From the first line of the listing to the last, set down everything exactly, but skip the images.
━━━ DATA SECTION ━━━
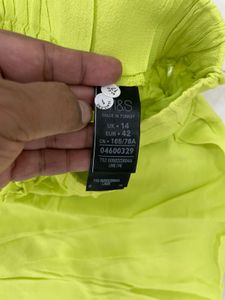 💚 M&amp;S Lumi-Leaf Culottes: Fresh, Bold, Chic💫Now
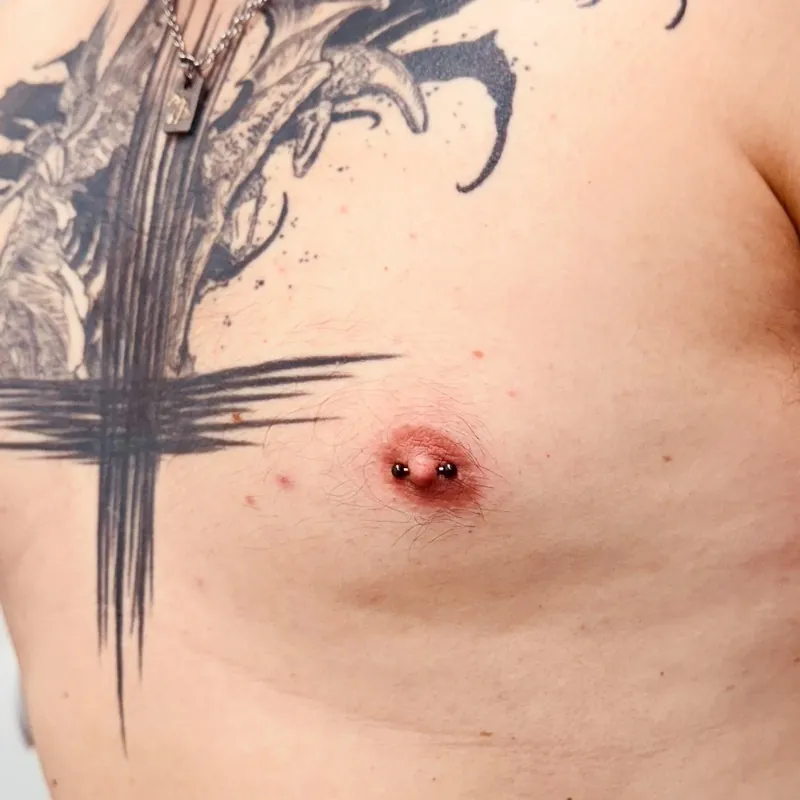 Ear piercing — detailní záběr šperku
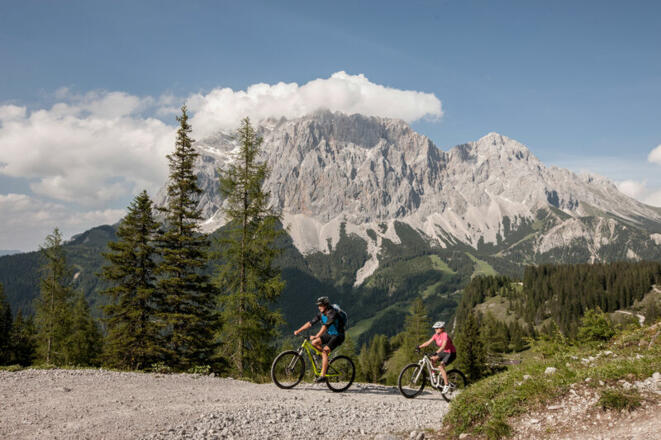 Mountainbike-Auffahrt in der Zugspitz Arena Bayern-Tirol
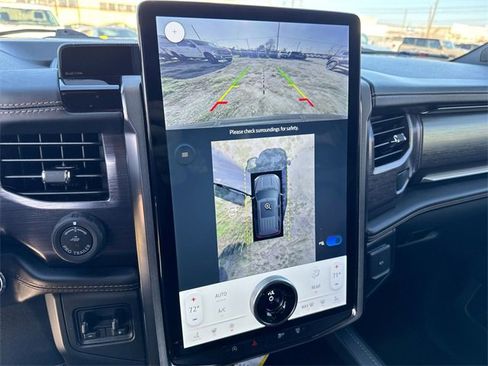 Used 2022 Ford Expedition Platinum image 28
━━━
SOLUTION FOR THIS TASK:
 💚 M&amp;S Lumi-Leaf Culottes: Fresh, Bold, Chic💫Now
 Ear piercing — detailní záběr šperku
 Mountainbike-Auffahrt in der Zugspitz Arena Bayern-Tirol
 Used 2022 Ford Expedition Platinum image 28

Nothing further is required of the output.